In the minimalist “I Guess … ,” over walloping whiplike snares and celestial textures, Tay Sean challenges that culture of unquestioning complacency both at large and in the hip-hop community, and what he calls the empty pursuit for social-media “likes.” “They ascendant, I’m offended/’Cause what they represented wasn’t sevens” he says, referencing the sacred symbolism the number holds in a plethora of world cultures and religions. “Your social life’s a popularity contest at best,” he chides.

Tay Sean, naturally an inward-looking truth-seeker, grew up a Jehovah’s Witness. Although he and his family have long since left the flock, the faith’s promise of a coming “paradise Earth” stuck with him. “I thought, ‘Oh, that’s a beautiful story!’ ” Tay Sean says. “But how do I get that spiritual experience firsthand? It’s some guy on a fucking podium telling you that’s what it is. But via yogic meditation, I’ve felt things I have not ever felt before. After about an hour of doing this shit, I’ll feel a strong vibration going right through my body. I don’t know what the fuck that is, but I’ve felt it—it’s a physical thing, like a lawnmower whirring in my chest.”

Tay Sean attempts to translate that transcendental energy into language and sound on “Kathedral Spectre.” The song’s deft, ever-changing funk bassline, accompanied by disembodied sonic pulses, mimics the vibrational nature of the waves Tay Sean felt—waves he believes serve as one key to triangulating something close to a universal truth: “A lost and found power source flowing/A pinwheel in the middle of my ribcage/It flow through, it don’t come from/A new beat on an old drum,” he intones before the song rips open into a blistering synth solo, screeching like a meteorite.

During our conversation on Beacon Hill, as I attempt to pinpoint the center of Tay’s complex ontology, he touches on everything from electromagnetic fields and scientific studies on the reality-shifting potential of human intention to the multidimensional nature of the universe, string theory, the collective unconsciousness, ying and yang energies, the SETI Institute, and the curious state between waking and sleeping.

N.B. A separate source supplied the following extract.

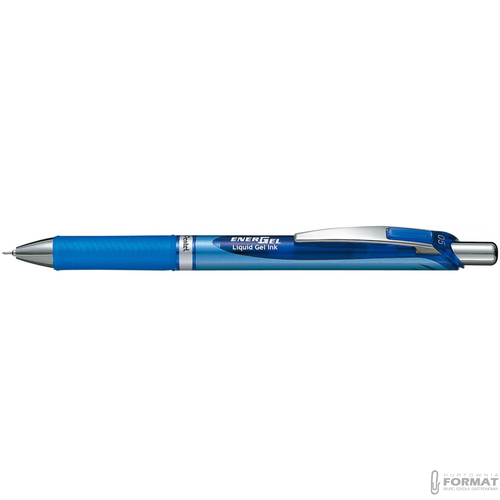 CIENKOPIS PENTEL BLN75 NIEBIESKI 3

But at the end of it all, Tay finally boils it down to its core.

“I think me, you, all of us, we just need to be better, man,” he says. “I think it’s interesting just to visualize, what the fuck are the next things, the good things, we could be moving towards? Evolving towards? Where are we going? Because right now, our society has disconnected from the sacred—we don’t care, and I think that lack of concern is one of the root causes of evil in this world. I just want us to realize our potential as beings. I just want to know what humans are really capable of.”